_Data for this exercise_
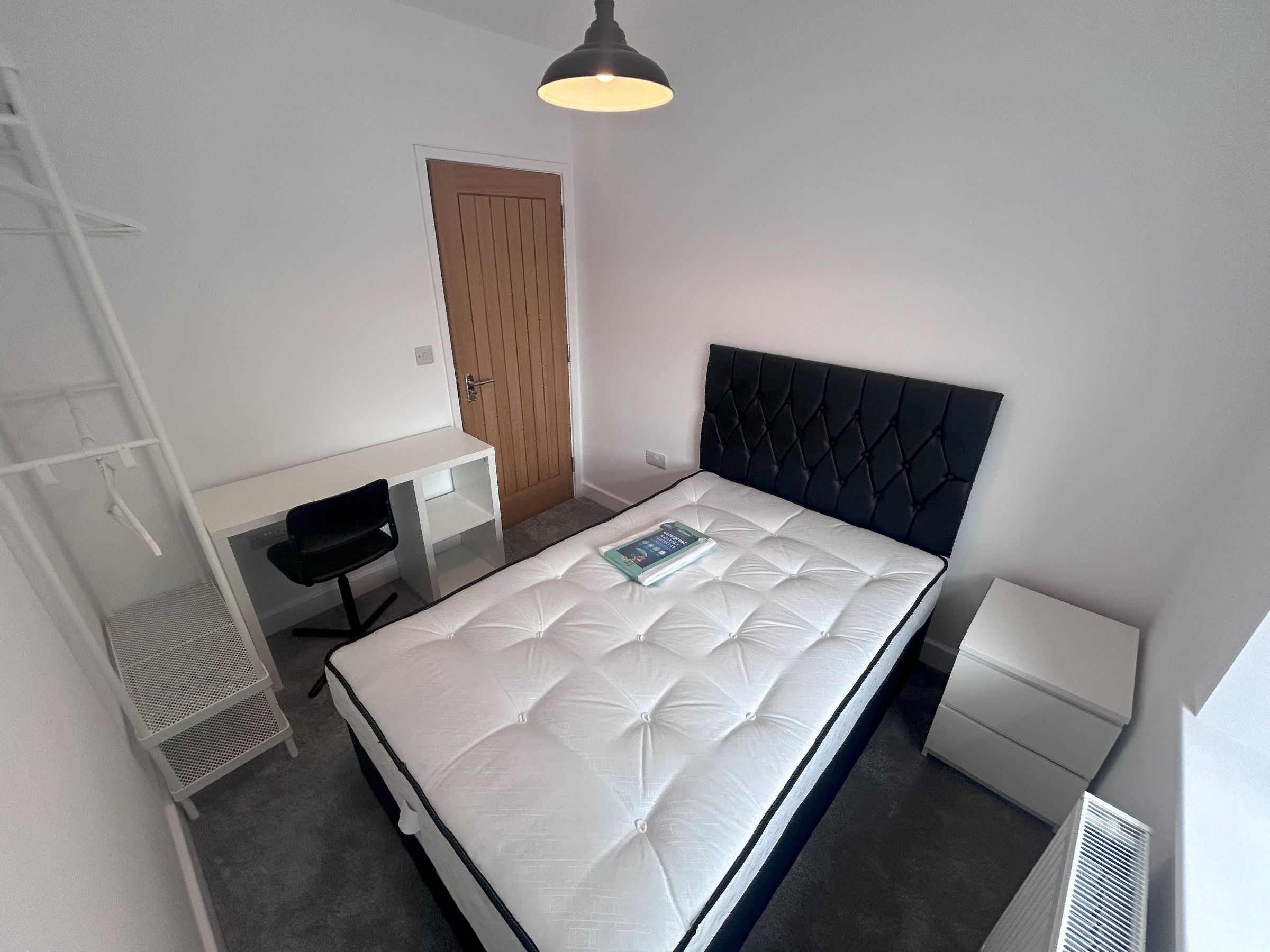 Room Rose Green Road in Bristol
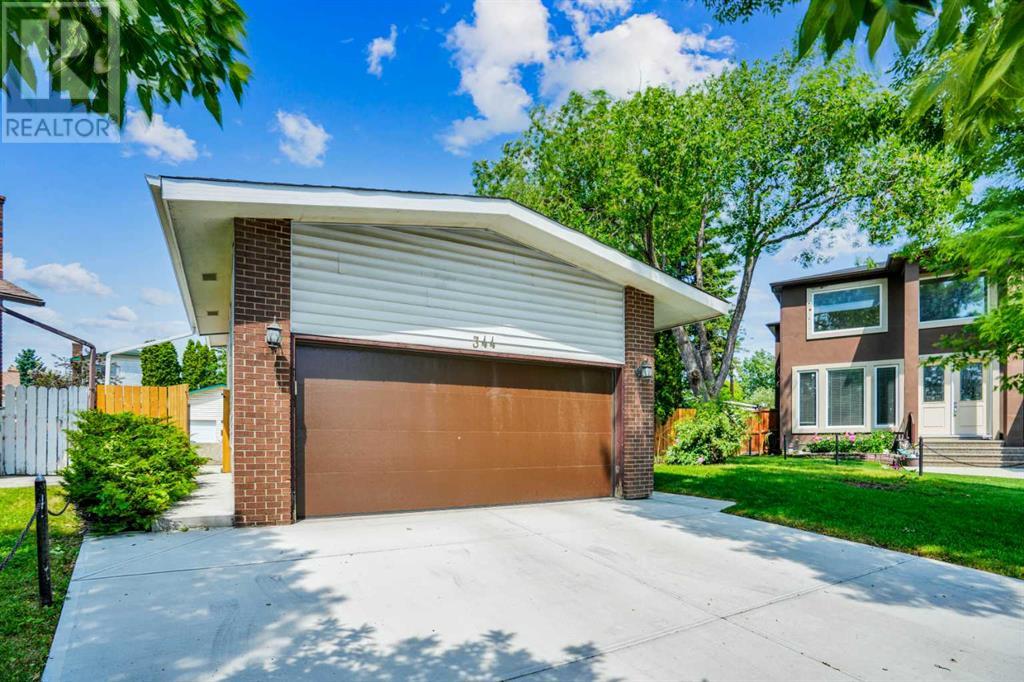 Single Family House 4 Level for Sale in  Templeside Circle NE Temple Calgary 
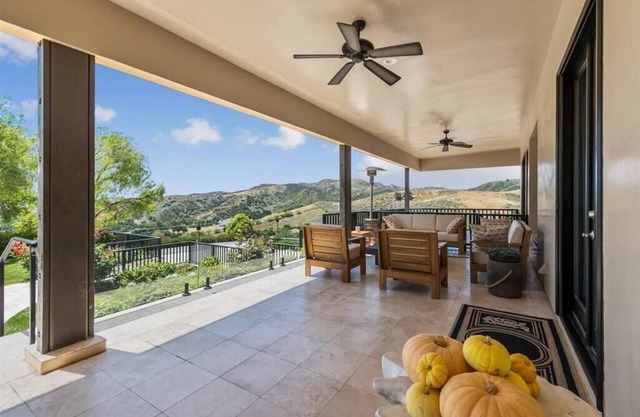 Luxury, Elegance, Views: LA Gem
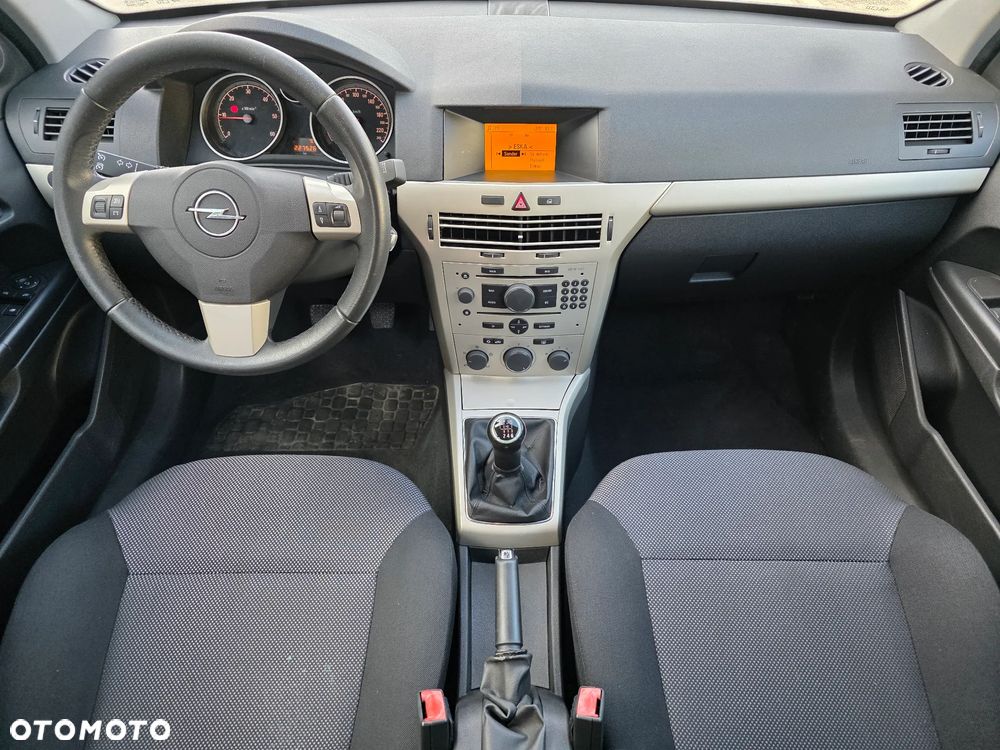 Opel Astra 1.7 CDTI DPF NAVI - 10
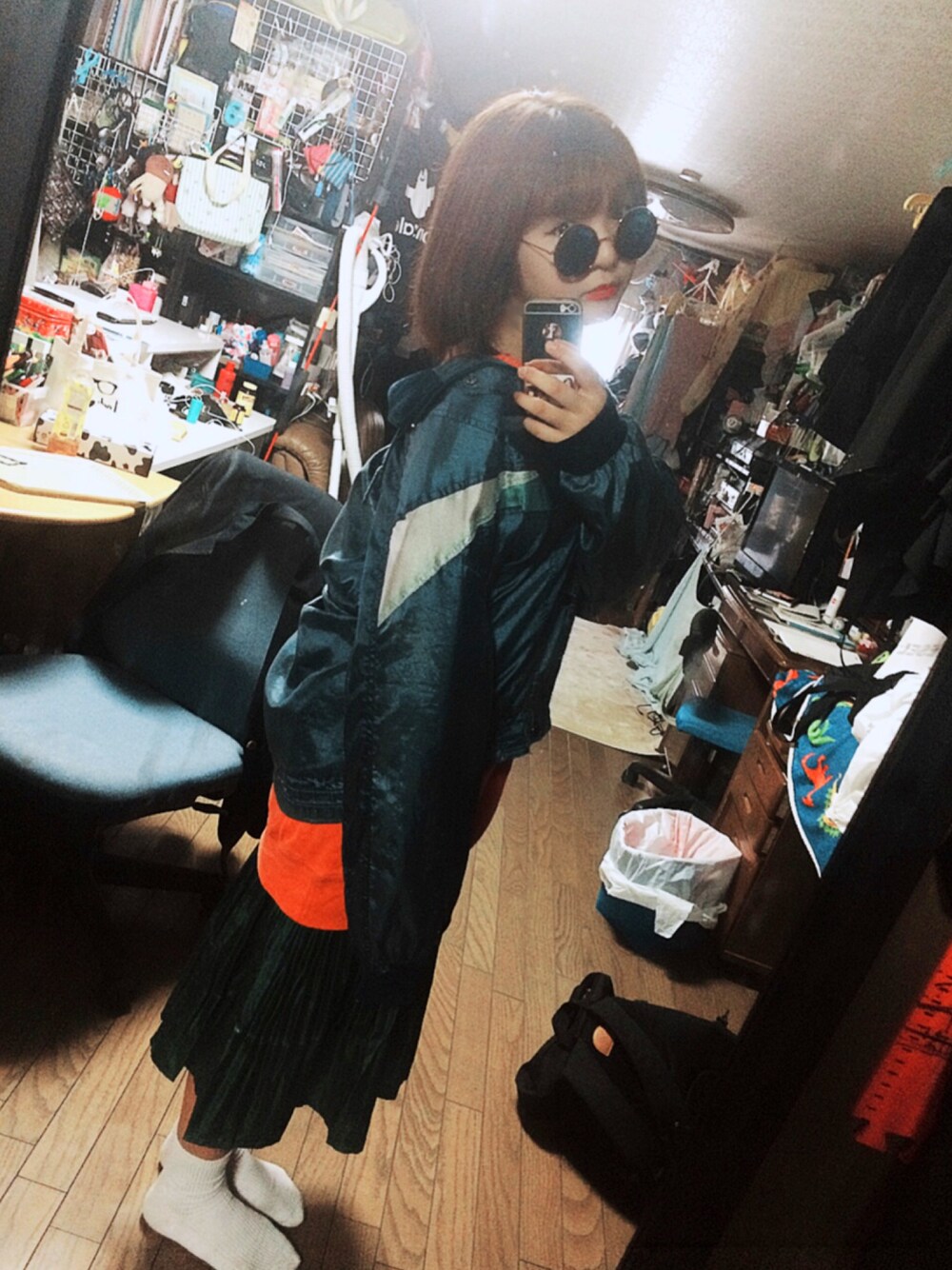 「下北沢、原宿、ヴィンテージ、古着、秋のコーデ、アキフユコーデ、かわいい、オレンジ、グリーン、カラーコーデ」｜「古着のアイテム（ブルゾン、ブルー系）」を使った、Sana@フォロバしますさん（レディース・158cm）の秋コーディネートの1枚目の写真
--
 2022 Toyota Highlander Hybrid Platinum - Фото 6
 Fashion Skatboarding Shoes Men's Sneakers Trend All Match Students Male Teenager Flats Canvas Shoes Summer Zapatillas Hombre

_What the task asks_
Your answer should consist solely of the lines above from the line with "2022 Toyota Highlander" to the line with "Fashion Skatboarding Shoes", both included, reproduced exactly.

_Answer for this exercise_
 2022 Toyota Highlander Hybrid Platinum - Фото 6
 Fashion Skatboarding Shoes Men's Sneakers Trend All Match Students Male Teenager Flats Canvas Shoes Summer Zapatillas Hombre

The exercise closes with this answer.